Didn't BSS come out a while ago? But yes, I hope it does become less true and we can finally see some tweaks for BB


----------



## holywilly (May 30, 2022)

I found the note releases (E2 and F2) are cut off for viola when using expressive vibrato type, this issue occurs after the hot fix update. 
Just report this issue to OT. 

I bet the next Berlin release will be SINE version of remaining Berlin catalogs, the FX and additional instruments department of winds and brass.


----------



## FrozenIcicle (May 30, 2022)

holywilly said:


> I found the note releases (E2 and F2) are cut off for viola when using expressive vibrato type, this issue occurs after the hot fix update.
> Just report this issue to OT.
> 
> I bet the next Berlin release will be SINE version of remaining Berlin catalogs, the FX and additional instruments department of winds and brass.


Yeh BB Bundle with mutes and stuff. Stuff I don't need but the bundle too good


----------



## Casiquire (May 30, 2022)

FrozenIcicle said:


> Didn't BSS come out a while ago? But yes, I hope it does become less true and we can finally see some tweaks for BB


A year or two ago I believe, and this is not the first update


----------



## jbuhler (May 30, 2022)

Casiquire said:


> A year or two ago I believe, and this is not the first update


I recall it was released in December 2020. And there have been two updates, I believe, one shortly after release and the one released last week. The library was always functional, however.


----------



## muziksculp (May 30, 2022)

jbuhler said:


> I recall it was released in December 2020. And there have been two updates, I believe, one shortly after release and the one released last week. The library was always functional, however.


This latest update for BSS is imho. the real deal update, the other previous ones were marginal tweaks, I didn't feel they did much of an improvement.


----------



## jbuhler (May 30, 2022)

muziksculp said:


> This latest update for BSS is imho. the real deal update, the other previous ones were marginal tweaks, I didn't feel they did much of an improvement.


Agreed! I haven’t yet had a chance to work with the new version in a piece, since I’m working with smaller ensembles at the moment, but I’m like how it sounds and responds just noodling around.


----------



## holywilly (May 30, 2022)

muziksculp said:


> This latest update for BSS is imho. the real deal update, the other previous ones were marginal tweaks, I didn't feel they did much of an improvement.

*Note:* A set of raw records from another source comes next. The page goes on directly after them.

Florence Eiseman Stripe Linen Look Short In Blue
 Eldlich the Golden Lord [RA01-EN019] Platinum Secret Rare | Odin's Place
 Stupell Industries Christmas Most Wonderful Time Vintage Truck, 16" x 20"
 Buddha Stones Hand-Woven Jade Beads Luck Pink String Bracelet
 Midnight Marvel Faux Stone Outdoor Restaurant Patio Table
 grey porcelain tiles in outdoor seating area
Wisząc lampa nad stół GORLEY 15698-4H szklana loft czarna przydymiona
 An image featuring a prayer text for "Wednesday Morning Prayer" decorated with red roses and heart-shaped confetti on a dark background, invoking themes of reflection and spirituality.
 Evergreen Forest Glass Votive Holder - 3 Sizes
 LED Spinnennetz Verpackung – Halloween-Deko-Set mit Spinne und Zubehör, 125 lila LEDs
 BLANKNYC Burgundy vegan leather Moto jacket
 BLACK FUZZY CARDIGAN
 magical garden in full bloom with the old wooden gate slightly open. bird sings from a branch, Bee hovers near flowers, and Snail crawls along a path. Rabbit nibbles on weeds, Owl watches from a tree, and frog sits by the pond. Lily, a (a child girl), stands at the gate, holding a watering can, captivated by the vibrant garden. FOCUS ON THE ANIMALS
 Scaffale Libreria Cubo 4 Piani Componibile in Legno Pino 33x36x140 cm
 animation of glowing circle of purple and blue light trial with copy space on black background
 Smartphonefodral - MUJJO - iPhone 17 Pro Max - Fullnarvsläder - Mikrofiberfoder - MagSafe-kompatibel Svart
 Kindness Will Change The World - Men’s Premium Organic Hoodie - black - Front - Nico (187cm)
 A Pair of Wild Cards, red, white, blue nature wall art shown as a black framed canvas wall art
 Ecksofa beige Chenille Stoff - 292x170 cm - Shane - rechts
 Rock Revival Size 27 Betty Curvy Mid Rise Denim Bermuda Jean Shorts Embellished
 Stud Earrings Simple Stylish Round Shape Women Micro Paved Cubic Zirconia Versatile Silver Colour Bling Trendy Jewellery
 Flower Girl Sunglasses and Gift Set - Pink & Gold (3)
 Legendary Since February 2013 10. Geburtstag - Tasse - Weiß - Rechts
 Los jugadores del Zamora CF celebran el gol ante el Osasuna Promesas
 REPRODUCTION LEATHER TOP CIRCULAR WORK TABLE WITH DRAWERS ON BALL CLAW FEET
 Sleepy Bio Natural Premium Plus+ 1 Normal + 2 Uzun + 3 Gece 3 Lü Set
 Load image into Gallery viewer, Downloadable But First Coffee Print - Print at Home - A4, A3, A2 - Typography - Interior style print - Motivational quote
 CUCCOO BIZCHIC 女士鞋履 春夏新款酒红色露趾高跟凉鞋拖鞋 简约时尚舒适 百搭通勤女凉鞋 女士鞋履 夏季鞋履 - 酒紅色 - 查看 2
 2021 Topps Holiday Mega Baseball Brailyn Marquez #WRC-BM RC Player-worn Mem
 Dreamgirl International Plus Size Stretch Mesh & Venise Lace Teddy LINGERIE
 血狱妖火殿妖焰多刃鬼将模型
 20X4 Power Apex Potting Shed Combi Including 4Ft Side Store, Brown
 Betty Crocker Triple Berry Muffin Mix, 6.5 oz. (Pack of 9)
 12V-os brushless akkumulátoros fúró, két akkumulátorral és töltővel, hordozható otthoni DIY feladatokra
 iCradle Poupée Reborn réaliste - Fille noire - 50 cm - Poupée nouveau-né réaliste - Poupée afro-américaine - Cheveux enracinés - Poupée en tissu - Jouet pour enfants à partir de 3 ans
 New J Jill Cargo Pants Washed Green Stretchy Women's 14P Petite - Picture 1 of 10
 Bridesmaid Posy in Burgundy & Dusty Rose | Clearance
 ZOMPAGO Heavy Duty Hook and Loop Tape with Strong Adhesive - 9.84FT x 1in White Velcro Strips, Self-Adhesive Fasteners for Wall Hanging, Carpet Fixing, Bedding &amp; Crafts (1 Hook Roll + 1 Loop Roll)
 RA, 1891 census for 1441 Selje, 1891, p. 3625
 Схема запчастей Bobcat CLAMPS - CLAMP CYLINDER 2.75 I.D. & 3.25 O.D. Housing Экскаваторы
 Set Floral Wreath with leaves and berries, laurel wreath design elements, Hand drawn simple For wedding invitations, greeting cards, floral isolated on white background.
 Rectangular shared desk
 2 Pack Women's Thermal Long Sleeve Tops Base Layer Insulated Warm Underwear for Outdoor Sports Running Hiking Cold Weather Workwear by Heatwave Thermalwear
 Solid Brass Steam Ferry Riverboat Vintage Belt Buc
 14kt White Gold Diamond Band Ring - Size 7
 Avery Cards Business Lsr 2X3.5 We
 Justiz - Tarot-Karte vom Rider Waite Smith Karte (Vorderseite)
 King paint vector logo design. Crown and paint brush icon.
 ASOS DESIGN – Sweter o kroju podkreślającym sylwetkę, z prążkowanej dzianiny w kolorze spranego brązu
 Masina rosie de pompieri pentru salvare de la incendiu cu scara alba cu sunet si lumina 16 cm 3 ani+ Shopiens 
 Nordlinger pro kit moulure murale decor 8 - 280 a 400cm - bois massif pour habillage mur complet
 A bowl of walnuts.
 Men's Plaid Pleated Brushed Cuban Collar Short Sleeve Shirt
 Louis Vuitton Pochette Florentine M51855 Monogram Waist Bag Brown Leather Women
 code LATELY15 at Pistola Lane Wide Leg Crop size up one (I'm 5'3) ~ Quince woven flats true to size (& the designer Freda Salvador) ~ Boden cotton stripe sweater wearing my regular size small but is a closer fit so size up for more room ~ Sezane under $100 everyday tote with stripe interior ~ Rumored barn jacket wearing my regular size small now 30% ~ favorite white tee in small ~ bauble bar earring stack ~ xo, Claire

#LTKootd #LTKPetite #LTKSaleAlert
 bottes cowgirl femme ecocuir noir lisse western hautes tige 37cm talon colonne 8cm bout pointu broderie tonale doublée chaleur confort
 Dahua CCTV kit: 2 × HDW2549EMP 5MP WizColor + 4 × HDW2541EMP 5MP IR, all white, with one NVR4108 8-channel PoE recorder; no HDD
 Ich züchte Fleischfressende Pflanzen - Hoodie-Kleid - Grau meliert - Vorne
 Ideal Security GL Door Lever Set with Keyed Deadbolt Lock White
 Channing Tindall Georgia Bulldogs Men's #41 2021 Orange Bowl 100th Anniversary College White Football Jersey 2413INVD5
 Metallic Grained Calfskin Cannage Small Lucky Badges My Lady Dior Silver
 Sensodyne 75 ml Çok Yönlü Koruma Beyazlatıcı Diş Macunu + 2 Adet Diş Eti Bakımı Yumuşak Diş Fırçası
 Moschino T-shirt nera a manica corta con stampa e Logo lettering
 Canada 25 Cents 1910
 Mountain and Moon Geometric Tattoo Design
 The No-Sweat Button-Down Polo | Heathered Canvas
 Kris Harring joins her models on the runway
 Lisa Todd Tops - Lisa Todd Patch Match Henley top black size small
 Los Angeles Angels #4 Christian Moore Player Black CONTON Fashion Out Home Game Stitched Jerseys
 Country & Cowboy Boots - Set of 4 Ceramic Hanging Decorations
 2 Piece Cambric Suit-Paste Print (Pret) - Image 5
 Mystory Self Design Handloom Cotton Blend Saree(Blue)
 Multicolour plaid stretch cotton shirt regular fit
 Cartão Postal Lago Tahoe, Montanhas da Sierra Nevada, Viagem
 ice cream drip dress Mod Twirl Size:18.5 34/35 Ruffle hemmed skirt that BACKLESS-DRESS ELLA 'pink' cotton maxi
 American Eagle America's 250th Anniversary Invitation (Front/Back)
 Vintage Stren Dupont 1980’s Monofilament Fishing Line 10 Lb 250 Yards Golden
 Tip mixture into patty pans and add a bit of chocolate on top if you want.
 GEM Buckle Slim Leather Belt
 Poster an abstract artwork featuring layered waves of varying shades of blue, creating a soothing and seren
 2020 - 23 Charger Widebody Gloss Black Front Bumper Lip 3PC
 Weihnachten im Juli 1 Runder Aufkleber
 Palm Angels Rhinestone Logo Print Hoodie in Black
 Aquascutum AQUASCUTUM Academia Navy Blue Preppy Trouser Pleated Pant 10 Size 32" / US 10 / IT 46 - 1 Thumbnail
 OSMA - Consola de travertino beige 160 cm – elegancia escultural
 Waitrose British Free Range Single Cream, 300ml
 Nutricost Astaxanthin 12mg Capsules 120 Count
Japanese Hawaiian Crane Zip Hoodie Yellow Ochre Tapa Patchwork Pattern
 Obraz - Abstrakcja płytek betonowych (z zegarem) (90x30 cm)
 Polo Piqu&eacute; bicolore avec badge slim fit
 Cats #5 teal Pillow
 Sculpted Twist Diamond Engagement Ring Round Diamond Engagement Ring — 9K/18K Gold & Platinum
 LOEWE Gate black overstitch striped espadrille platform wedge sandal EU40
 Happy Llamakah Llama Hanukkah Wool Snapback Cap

The latest update actually brings improvement and efficiency to my workflow, I took less time editing, just record them live and get the jobs done!


----------



## novaburst (May 31, 2022)

Mike Fox said:


> Anyone else experiencing DAW crashes with Sine?


This is a bit of a hit and miss some times when going through a period of updates it maybe a good idea to change the dll file manually with the file you updated with, 

if you check your existing dll sometimes your left with one that is from a year or so,


----------



## OleJoergensen (Jun 2, 2022)

Im a bit confused. Maybe some who have bought Berlin strings con sordino can comment…
I listen to this walkthrough and it does not sound anything like OT’s walk through. Is OT’s walk though out of the box?


----------



## MaxOctane (Jun 3, 2022)

OleJoergensen said:


> Im a bit confused. Maybe some who have bought Berlin strings con sordino can comment…
> I listen to this walkthrough and it does not sound anything like OT’s walk through. Is OT’s walk though out of the box?



What difference are you hearing?


----------



## shawnsingh (Jun 3, 2022)

At least in the beginning for the sustain articulations, that video didn't modulate CC, it seems to be close to max. The OT walkthrough does modulate CC, you can see it visualized on the UI, the mod wheel at the bottom left next to the keyboard.


----------



## OleJoergensen (Jun 3, 2022)

MaxOctane said:


> What difference are you hearing?


The sustains sounds bad in this walk through (not meant to sound rude).


----------



## OleJoergensen (Jun 3, 2022)

shawnsingh said:


> At least in the beginning for the sustain articulations, that video didn't modulate CC, it seems to be close to max. The OT walkthrough does modulate CC, you can see it visualized on the UI, the mod wheel at the bottom left next to the keyboard.


Thank you, that explains it.


----------



## novaburst (Jun 3, 2022)

there are some string library's that have a natural swell, and you can get away with using the mod wheel,


shawnsingh said:


> At least in the beginning for the sustain articulations, that video didn't modulate CC, it seems to be close to max. The OT walkthrough does modulate CC, you can see it visualized on the UI, the mod wheel at the bottom left next to the keyboard.


for some patches the MW is a must


----------



## samphony (Jun 3, 2022)

Sunny Schramm said:


> What's new?​Version: v1.1.0​*Changes in this version:*
> 
> 
> SINEplayer 1.1.0 brings a UI refresh across most areas of SINEplayer and introduces some new legato options used by upcoming content.
> ...


It’s getting better with every update. The UI updates are long overdue and the speed it loads on my m1max is mind bending. 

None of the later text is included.